明治は昨年10月、「明治ブルガリアのむヨーグルト 900g」の製造・販売を終了した。業界からは「あれほどのシェアを持っていた明治が、まさか」と驚きの声が上がった。

終売の理由について、明治は「個食化が進み、大容量品の消費量が減少しているため」と説明した。代替品として400グラムの商品を発売したが、売り上げは社内の計画値に届いていない(2023年度第3四半期決算時点)のが現状だ。

森永乳業も昨年10月、「計画に対し思うような実績が得られなかった」として「ビヒダス のむヨーグルト」(900グラム)の製造・販売を終了している。

市場全体を見ても、飲むヨーグルトの販売金額はこの6年間で17%も減少している。一体何が起きているのか。

健康か味か、どっちつかずの存在に

市場縮小の背景には、乳酸菌飲料などへの需要の流出がある。

調査会社インテージによれば、乳酸菌飲料の2023年の小売店販売金額は1341億円。ヤクルト本社の「Y1000」(「ヤクルト1000」の店頭専用商品)が発売された2021年に市場が急拡大し、その後も伸びが続いた。

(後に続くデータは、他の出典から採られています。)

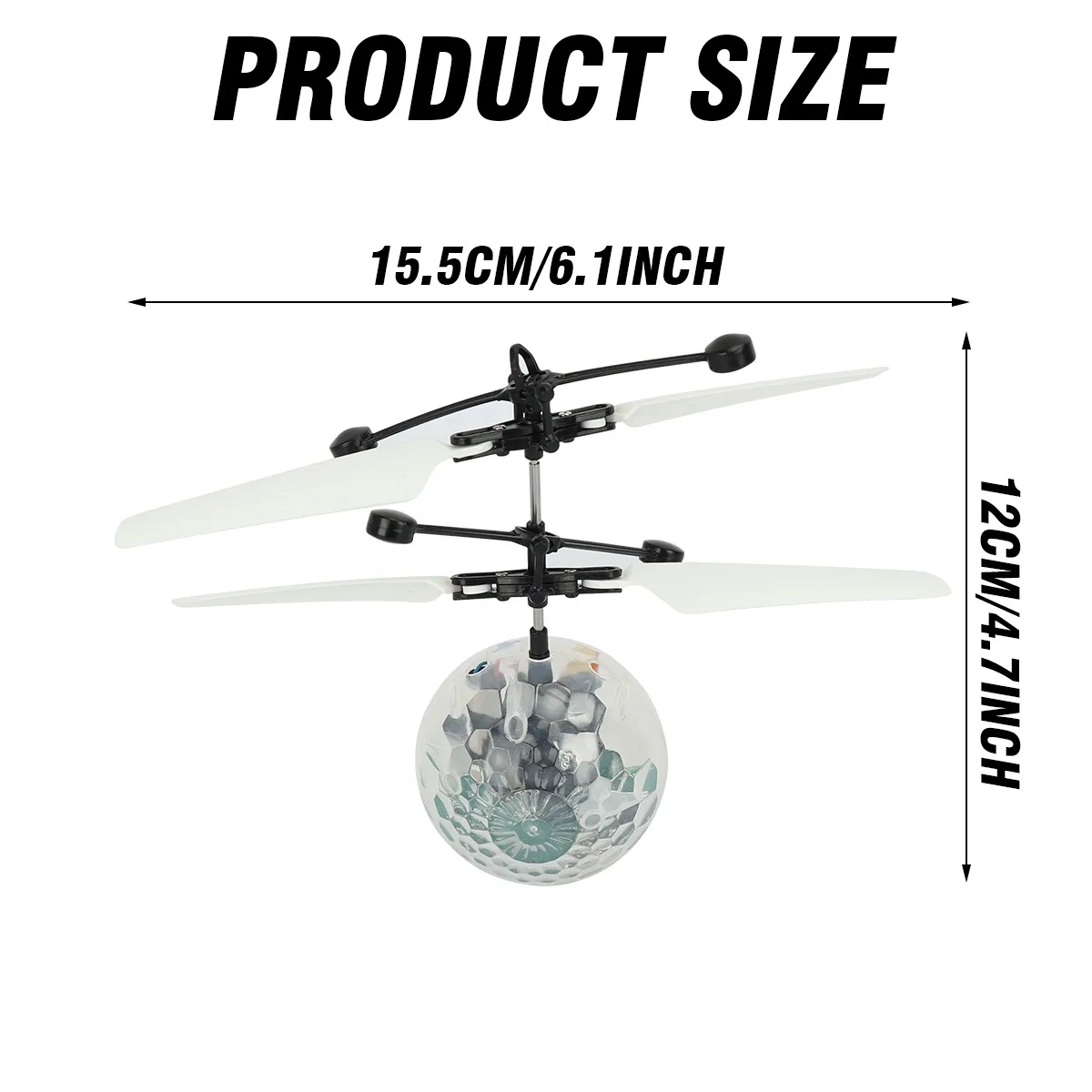 Светодиодная подвеска, хрустальный шар, инфракрасный индукционный радиоуправляемый контроль жестов, красочные светящиеся игрушки, уникальный подарок для детей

一方、飲むヨーグルト市場は2021年に前年比200億円超の縮小となり、その後も停滞が続く。2023年の販売金額は1443億円で、乳酸菌飲料に追い越されるのは時間の問題だ。

両市場の拡大と縮小の時期はほぼ重なっており、飲むヨーグルトの人気が乳酸菌飲料に移っている実態がうかがえる。